Garda Darach Kennedy, who had a nolle prosequi entered against him on the day his trial was due to begin, is currently the subject of disciplinary proceedings. He continues to serve at a station in Co Meath despite admitting during questioning he had downloaded sexual images of boys as young as eight. The Garda Press Office declined to comment on the matter, and refused to even confirm that Garda Kennedy was still a serving member.

"We do not comment on matters of internal discipline concerning named members of An Garda Siochana," a spokesman said. "We cannot comment on ongoing matters of discipline involving individuals. We are not in a position to confirm whether a person is still serving or not."

In December 2002, Garda Kennedy was interviewed by then Det Insp Dominic Hayes of the National Bureau of Criminal Investigation. He was asked whether he had ever accessed the internet to download pornography while on duty at Garda HQ and Garda Kennedy admitted that he had.

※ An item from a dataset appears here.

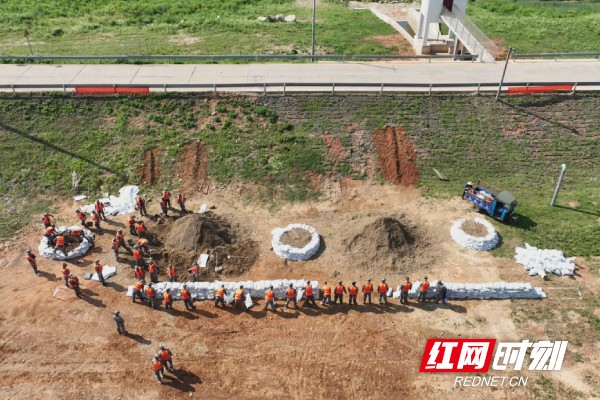 江陵县组织开展基干民兵军事训练,刻苦训练结硕果基干民兵展风采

An investigation later concluded that Garda Kennedy had been accessing hardcore pornography over the course of three years on a computer in the purchasing support office of Garda HQ, where he worked.

In November 2002, staff at the office noticed the computer was running slow and a technological check discovered material from pornographic sites. Further investigation uncovered thousands of images in the computer's recycle bin as well as written stories involving paedophile activity. A full technical examination then took place.

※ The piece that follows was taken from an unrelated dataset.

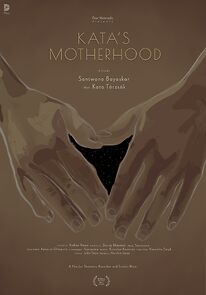 Watch Kata's Motherhood (Short 2023)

In April 2003, gardaí submitted a file to the DPP and a month later Garda Kennedy was served with two summonses under the Child Trafficking and Pornography Act. Two days later, he was suspended from the force. An internal inquiry was also put in place but it was temporarily halted whilst criminal proceedings went ahead.

In February 2005, for reasons that have never been clarified, a nolle prosequi was entered by the state and Garda Kennedy returned to the force. Gardaí immediately reactivated their internal inquiry and it is understood that process is still underway more than four years later.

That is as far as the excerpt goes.